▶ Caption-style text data
============

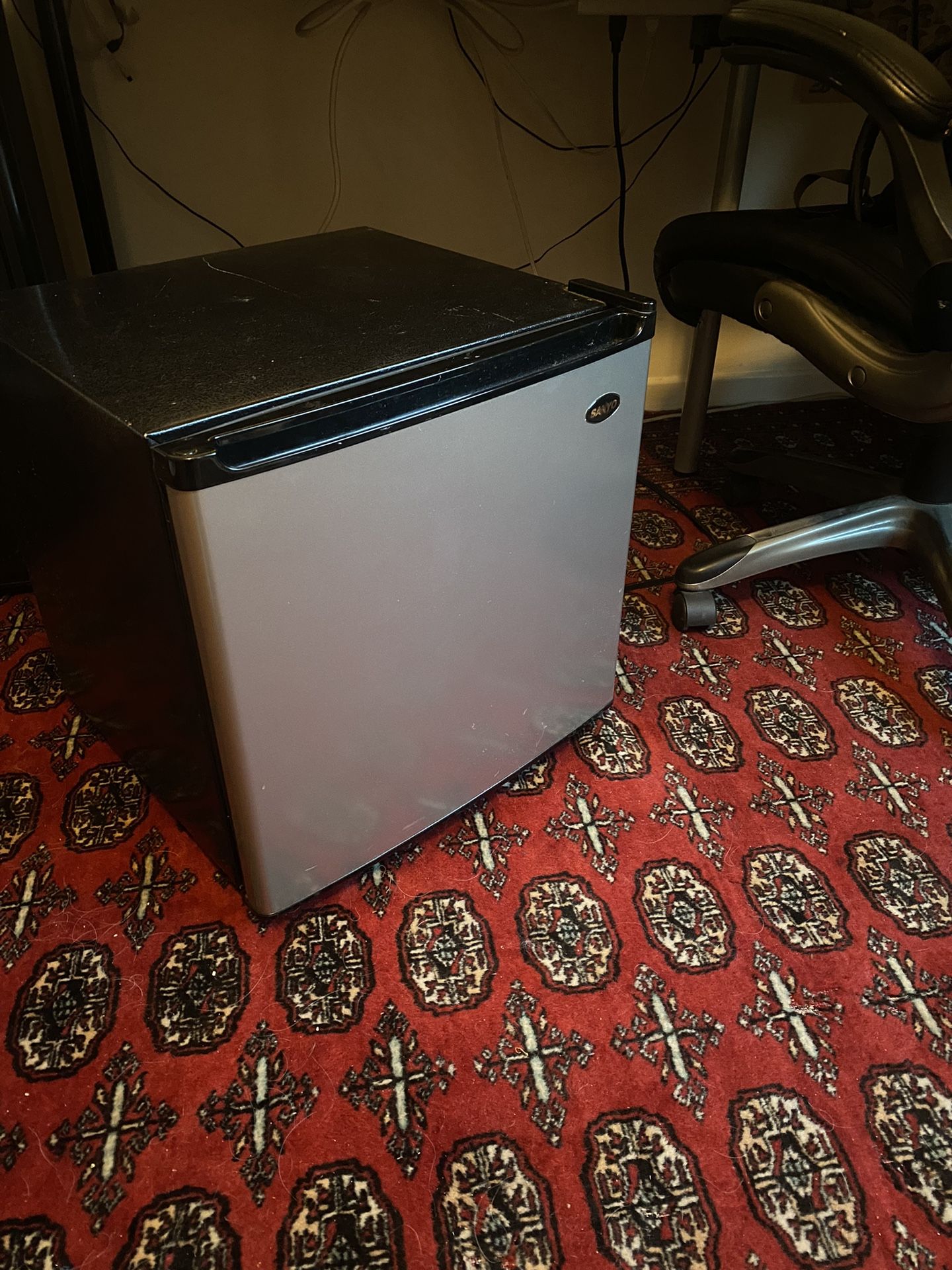 Mini Fridge Small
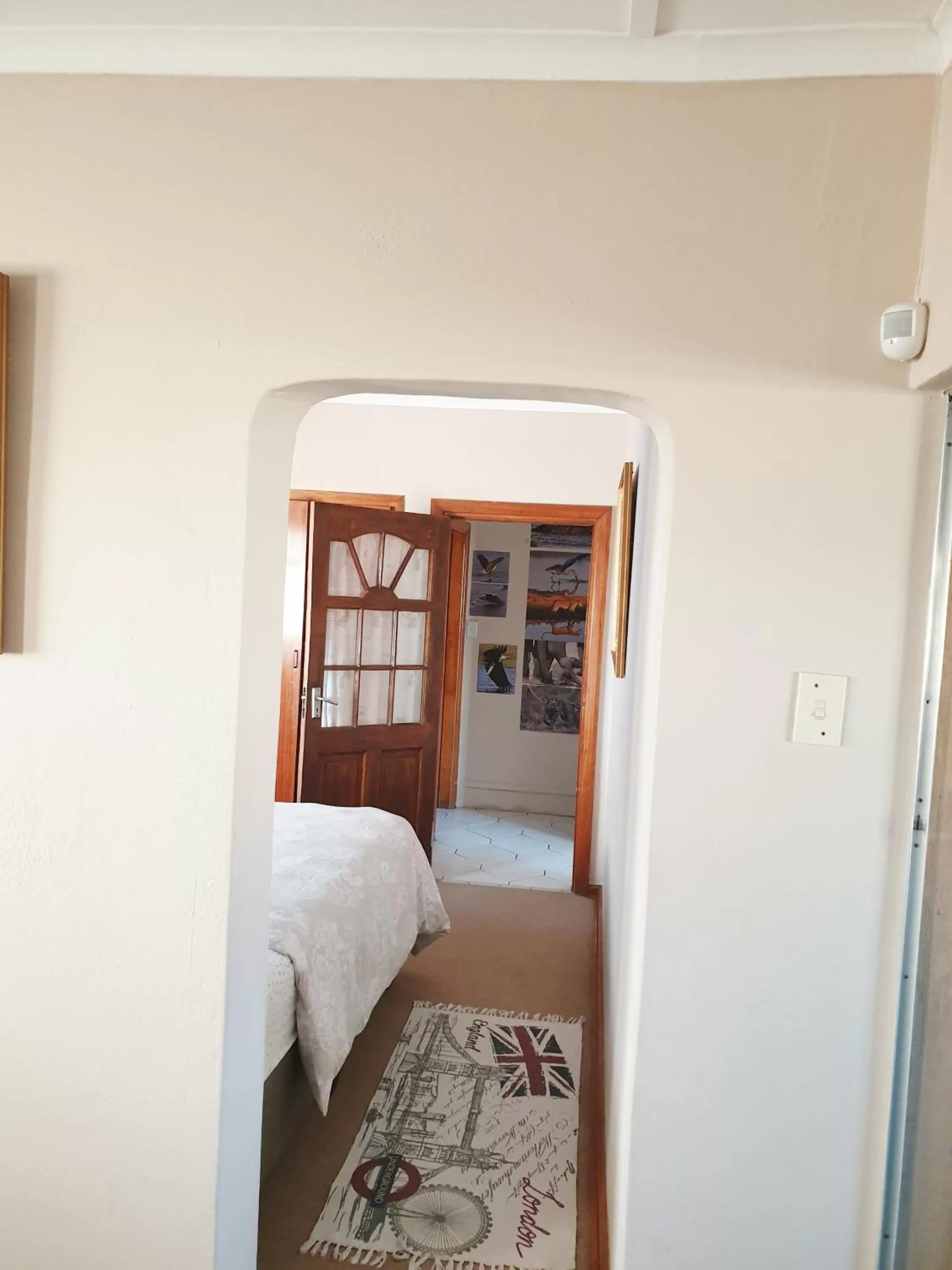 Photo of the whole room, Bed in Sunflower Self-Catering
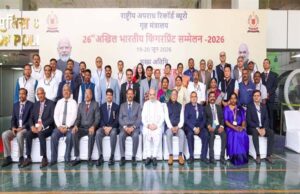 राष्ट्रीय स्तर पर प्रदेश का गौरव बढ़ाने वाले निरीक्षक योगेन्द्र साहू का डीजीपी ने किया अभिनंदन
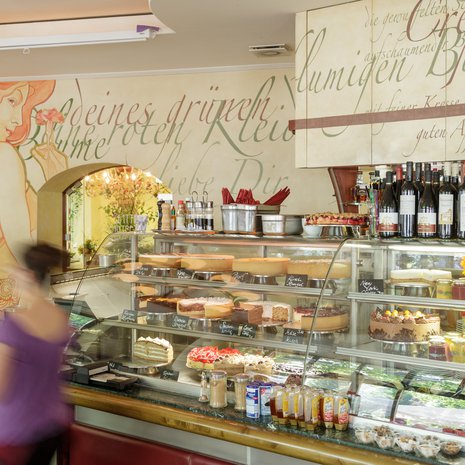 Iso osa Epun suosikkikahviloista ja ravintoloista löytyy Prenzlauer Bergin alueelta, kuten myös ihastuttava Anna Blume -kahvila (kuvassa). Kuva: Visit Berlin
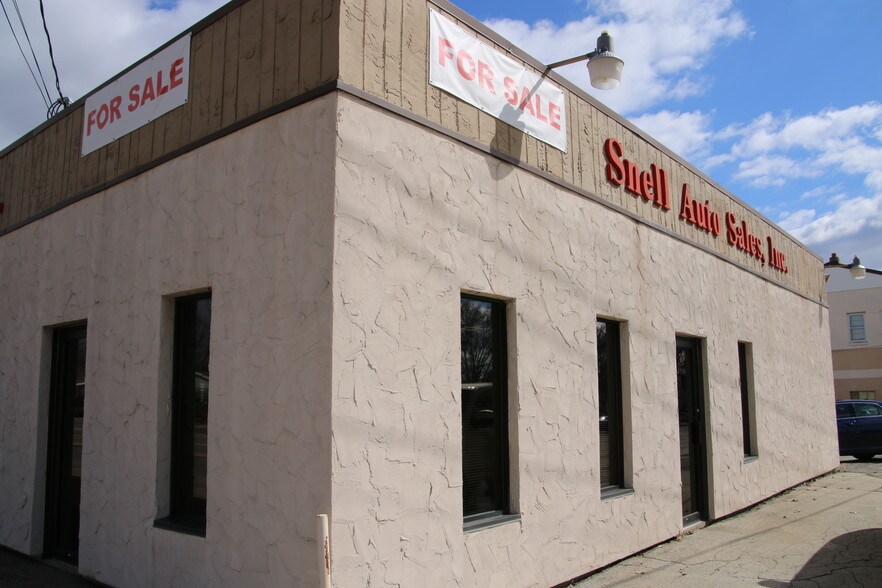 1236 W Wisconsin Ave, Appleton, WI for sale - Building Photo - Image 1 of 1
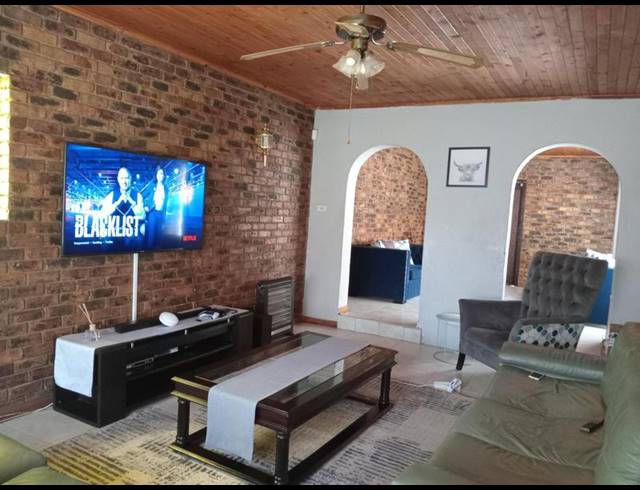 3 BEDROOM HOUSE FOR SALE IN WALDRIFT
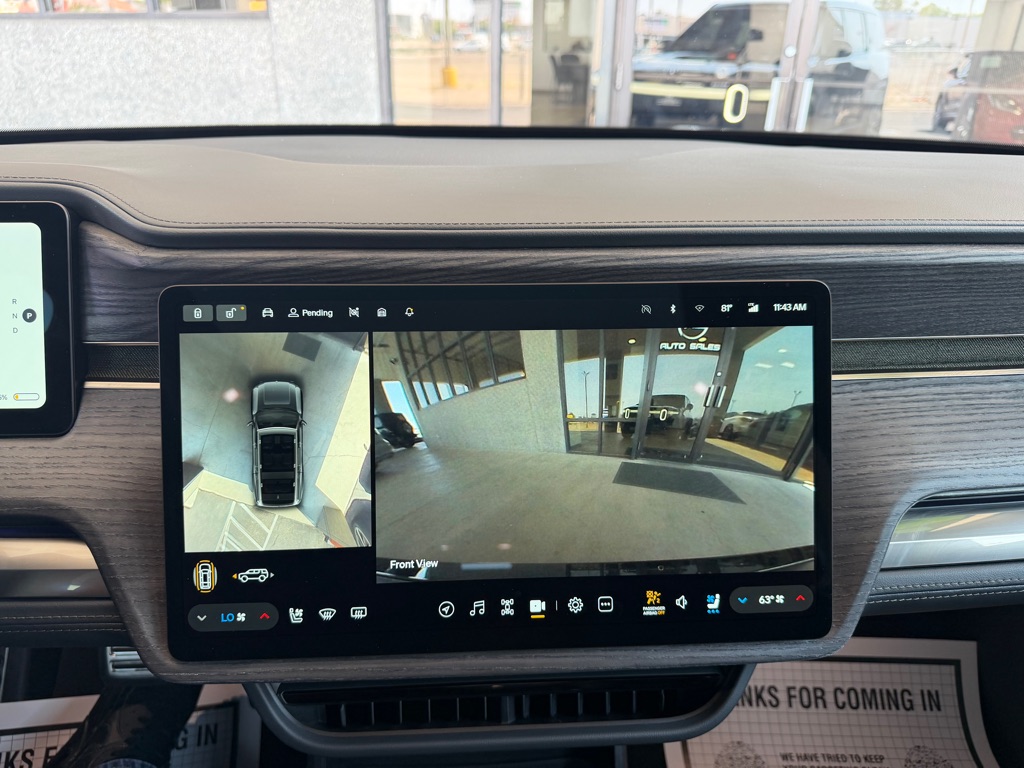 Photo 15 of this RIVIAN R1S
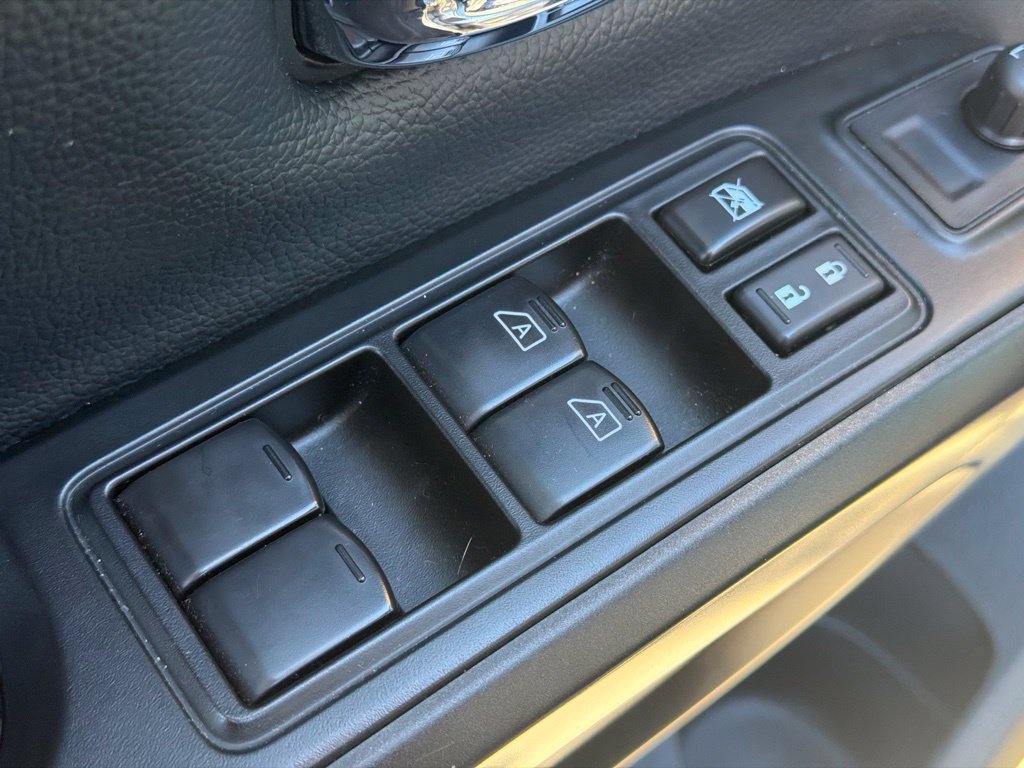 Used 2024 Nissan Titan PRO-4X w/ Pro-4x Convenience Package AWD/4WD image 14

============

▶ What needs to be done
Write out a verbatim copy of the lines from the line that contains "Photo of the" through the end of the entries above; pictures are not copied.

▶ Solution to the exercise
 Photo of the whole room, Bed in Sunflower Self-Catering
 राष्ट्रीय स्तर पर प्रदेश का गौरव बढ़ाने वाले निरीक्षक योगेन्द्र साहू का डीजीपी ने किया अभिनंदन
 Iso osa Epun suosikkikahviloista ja ravintoloista löytyy Prenzlauer Bergin alueelta, kuten myös ihastuttava Anna Blume -kahvila (kuvassa). Kuva: Visit Berlin
 1236 W Wisconsin Ave, Appleton, WI for sale - Building Photo - Image 1 of 1
 3 BEDROOM HOUSE FOR SALE IN WALDRIFT
 Photo 15 of this RIVIAN R1S
 Used 2024 Nissan Titan PRO-4X w/ Pro-4x Convenience Package AWD/4WD image 14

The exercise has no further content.